Вот как разрастается в нас зло от малого, почти незаметного семени; на дне сердца, как мы заметили, лежит семя зла – самолюбие; от него идут полные его силою три отрасли зла, – три его видоизменения: самовозношение, своекорыстие, чувственность, а сии три рождают уже бесчисленное множество страстей и порочных наклонностей; как в древе главные стволы пускают от себя множество ветвей и отростков, так образуется в нас целое дерево зла, которое, укоренившись в сердце, расходится потом по всему нашему существу, выходит вовне и покрывает все, что окружает нас. Подобное дерево, можно сказать, есть у каждого, чье сердце хоть сколько-нибудь любит грех, с тем только различием, что у одного полнее раскрывается одна, у другого другая сторона его.

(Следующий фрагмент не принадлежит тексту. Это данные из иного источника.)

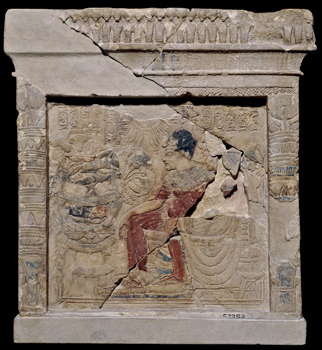 Stela showing Amenhotep III from Akhenaten’s capital, Tell el-Amarna in the new style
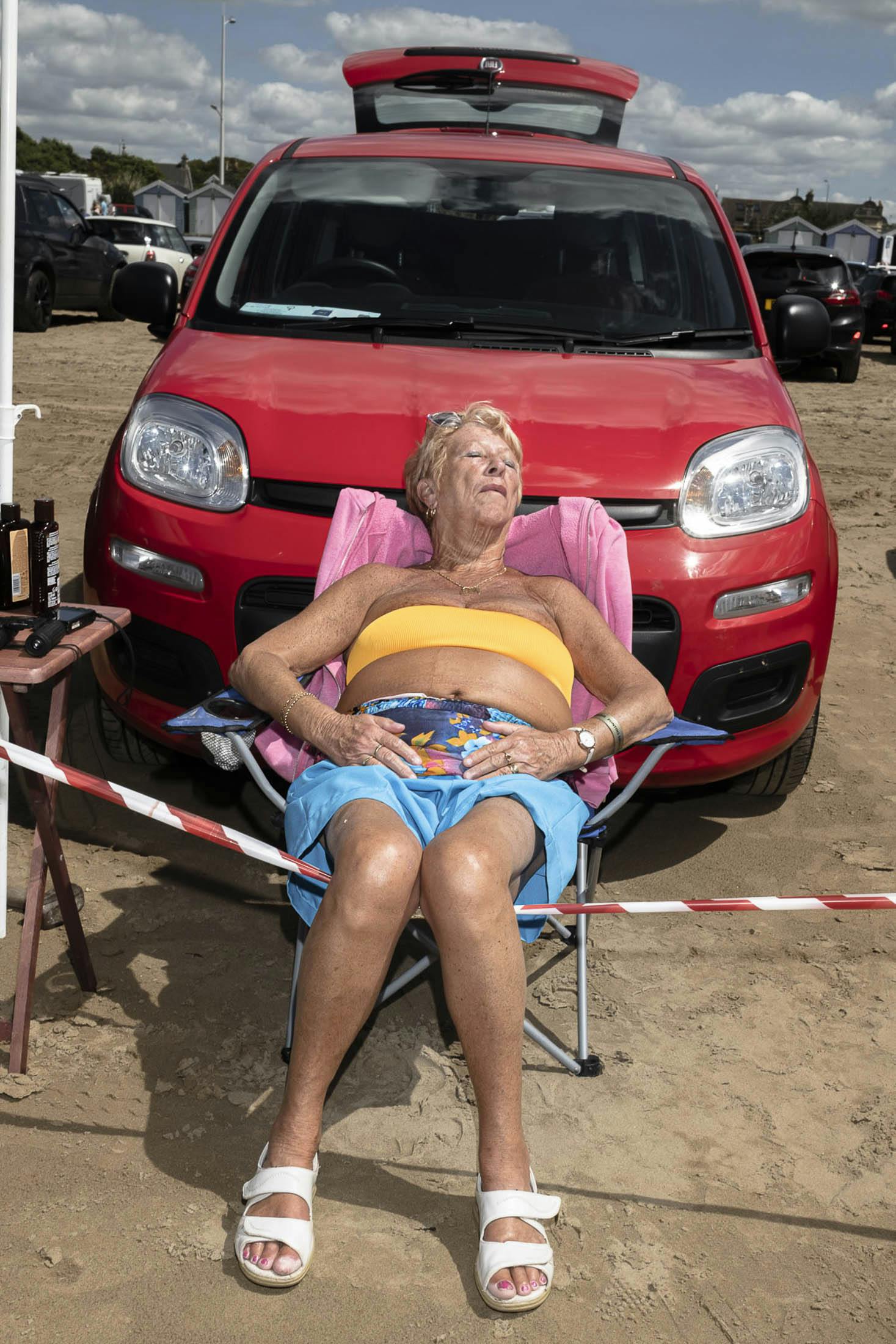 Woman sun bathing in Weston-super-Mare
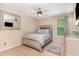 Comfortable bedroom with a silver-framed bed, ceiling fan, neutral carpet, and window at 2112 Ballston Pl, Knightdale, NC 27545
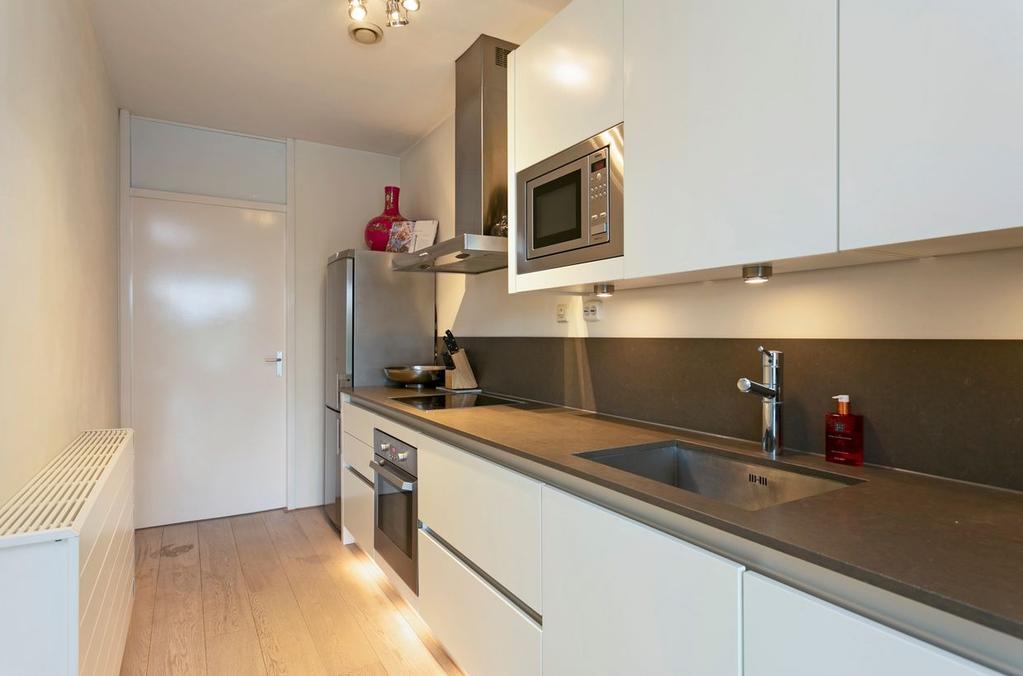 Ligging en indeling Keuken Moderne en strakke, open keuken met greeploos design en sfeervolle spotverlichting.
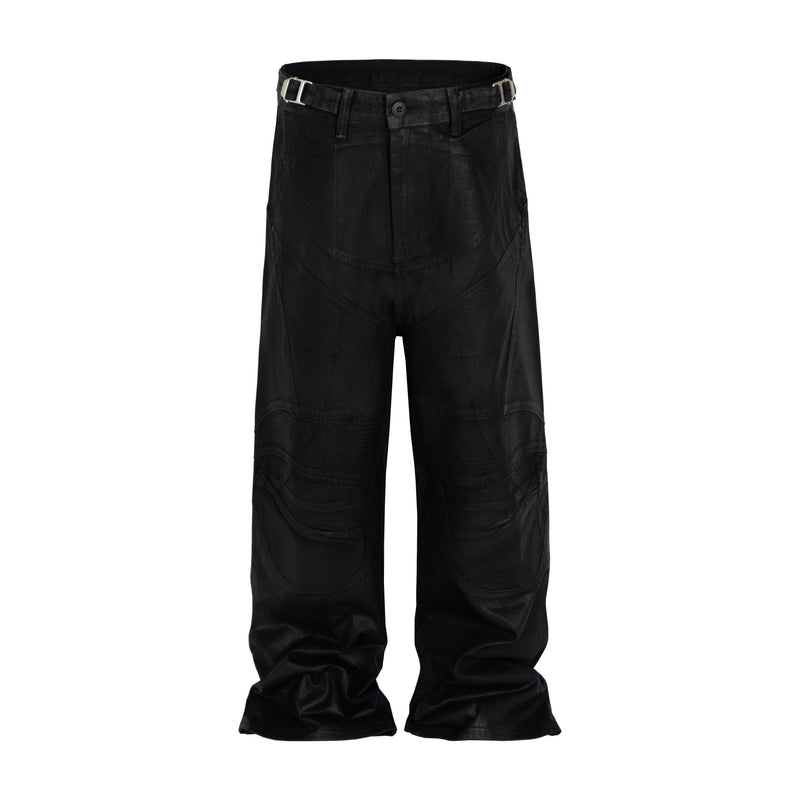 Black wide-leg pants with curved stitching, front view with belt straps and buckle details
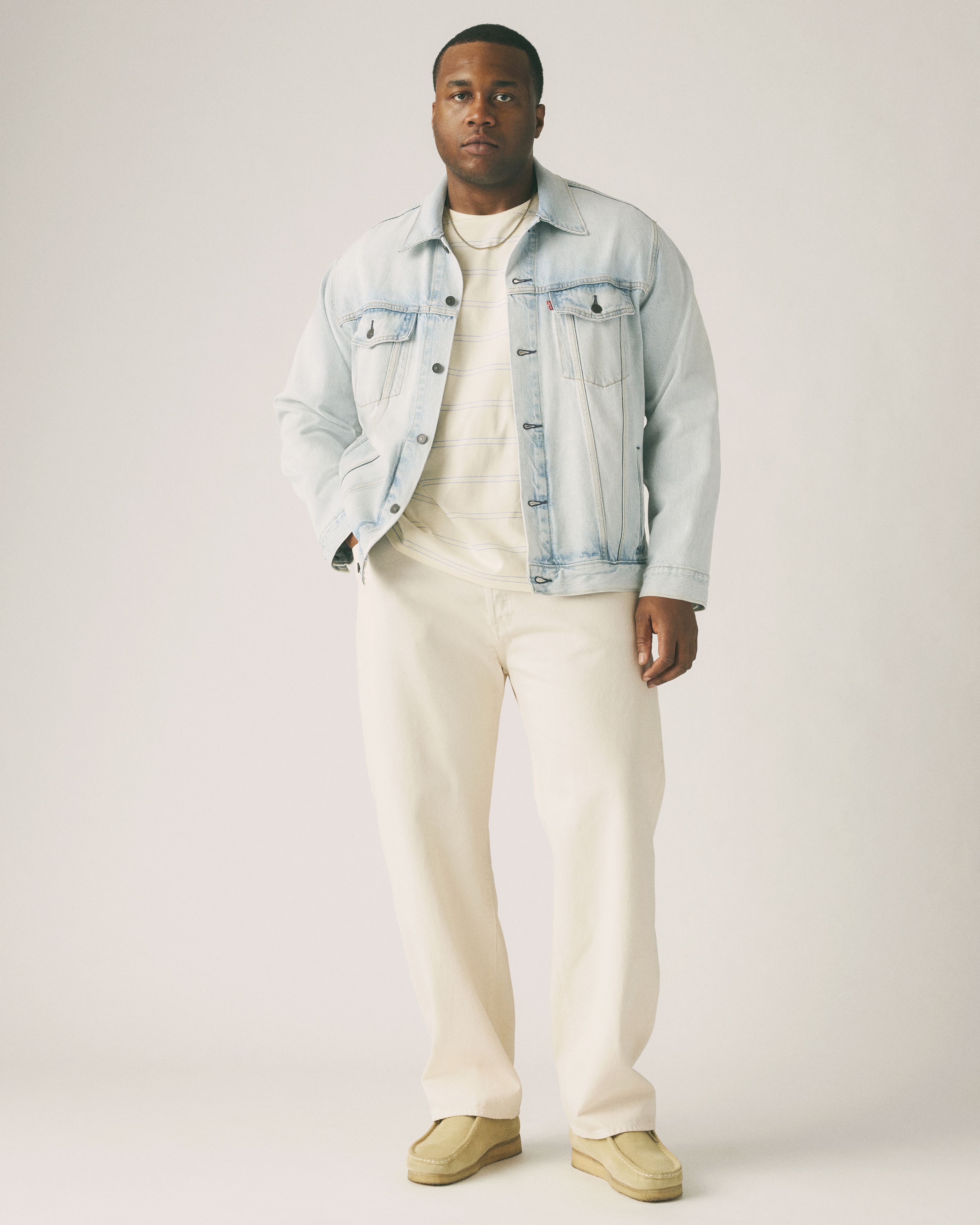 Big & tall male model wearing jean pants and a tee.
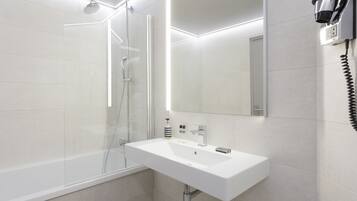 A modern bathroom with a white sink, a glass-enclosed shower, and a mirror with integrated lighting.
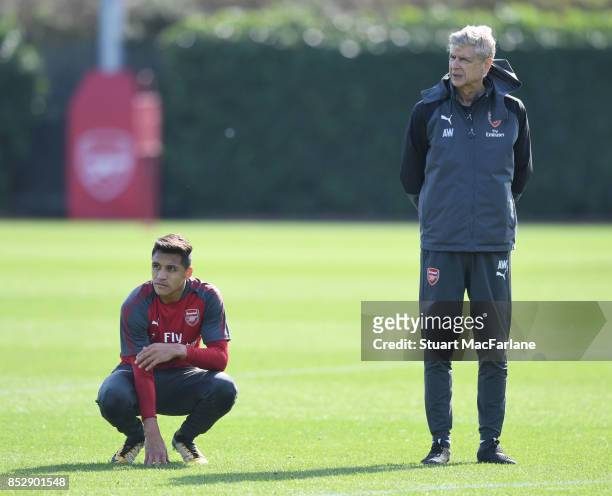 Arsenal manager Arsene Wenger and Alexis Sanchez during a training session at London Colney on September 24, 2017 in St Albans, England.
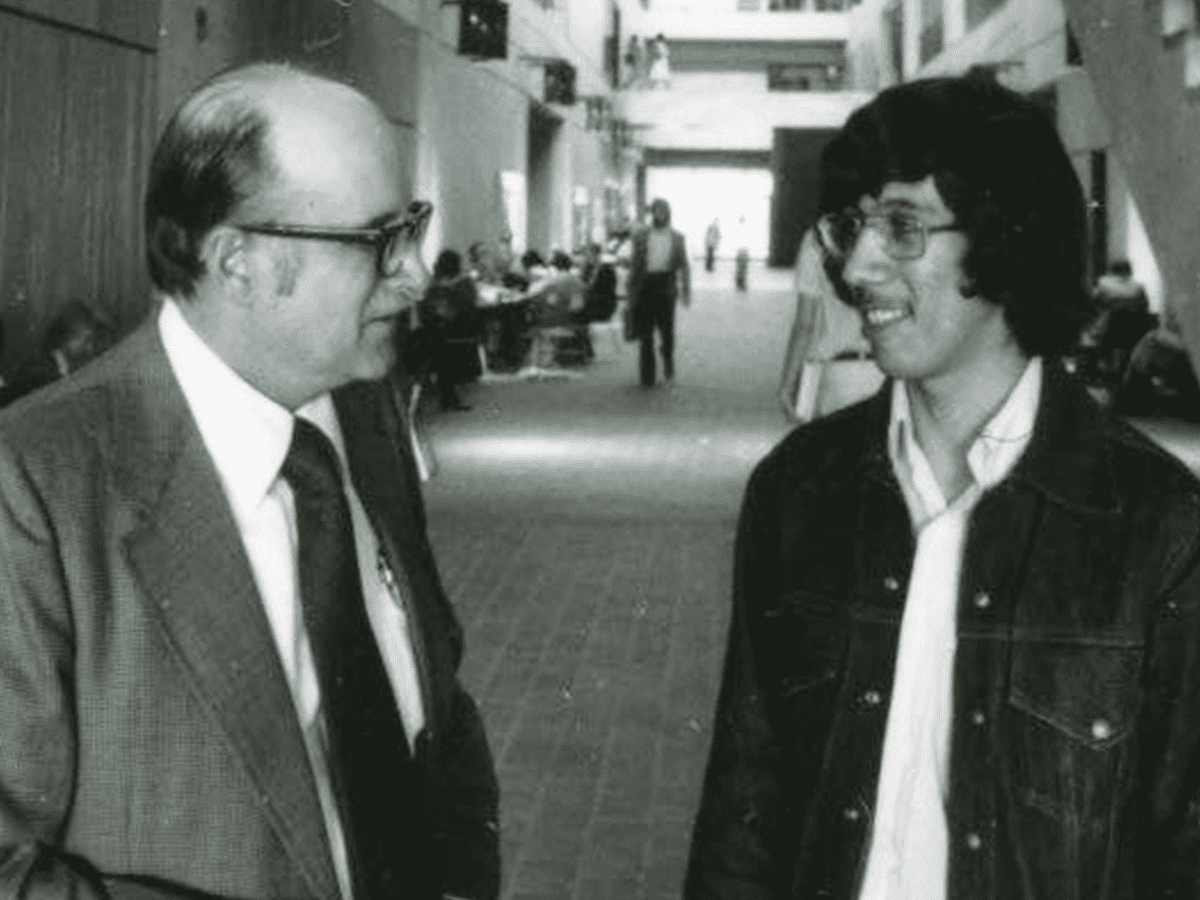 President Flawn gives Gino Chincarini, UTSA’s first freshman student, a tour around campus on June 2, 1976.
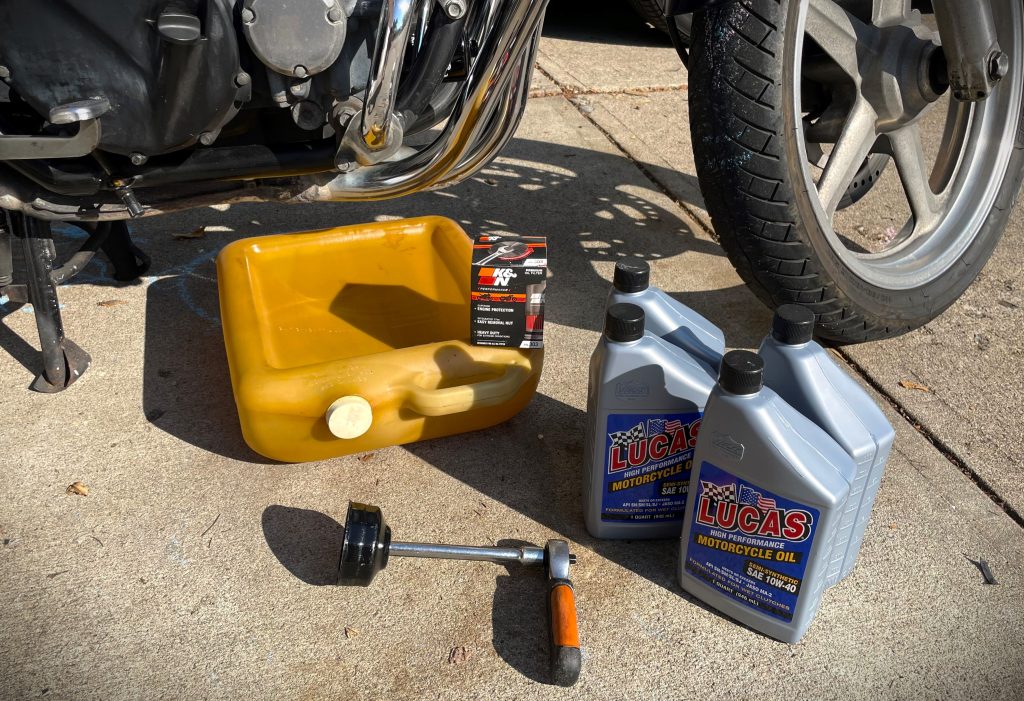 oil changing supplies near a motorcycle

Что же за причина, что мы большею частию не замечаем его в себе и нередко держим на мысли и вслух не стыдясь говорим: что ж такое я сделал? Или чем я худ? Причина тому очень естественная, и она есть новое порождение живущего в нас греха. Не замечаем потому, что не можем. Этого не позволяет нам грех: он очень хитр и предусмотрителен. Непокровенное древо зла, изображенное нами, с первого раза могло бы стать пред взором ума и оттолкнуть от себя каждого, потому он спешит одеть его листвием, прикрыть его безобразие и прикрывает его так, что не только корня и стволов, даже и ветвей не может различить душа, в которой растет сие древо. Эти лиственные прикрытия суть – рассеянность и многозаботливость. Рассеянный не любит жить в себе, многозаботливый не имеет свободной минуты. Один не может, а другому некогда замечать то, что происходит внутри. С первым пробуждением от сна душа их тотчас выходит из себя, и у первого уходит в мир мечтаний, у последнего же погружается в море нужных будто дел. Настоящего для них нет, что, собственно, характеризует всю их деятельность. Один охотнее живет в самосозданном мире и действительного касается только отчасти, ненамеренно, поверхностно; другой и мыслим и сердцем весь впереди, каждое дело он спешит окончить как можно скорее, чтобы приступить к другому; начинает другое – и спешит к третьему; вообще – настоящим у него заняты только руки, ноги, язык и проч., а его дума вся устремлена в будущее. Как же при таком ходе внутренних движений заметить им, что кроется в сердце?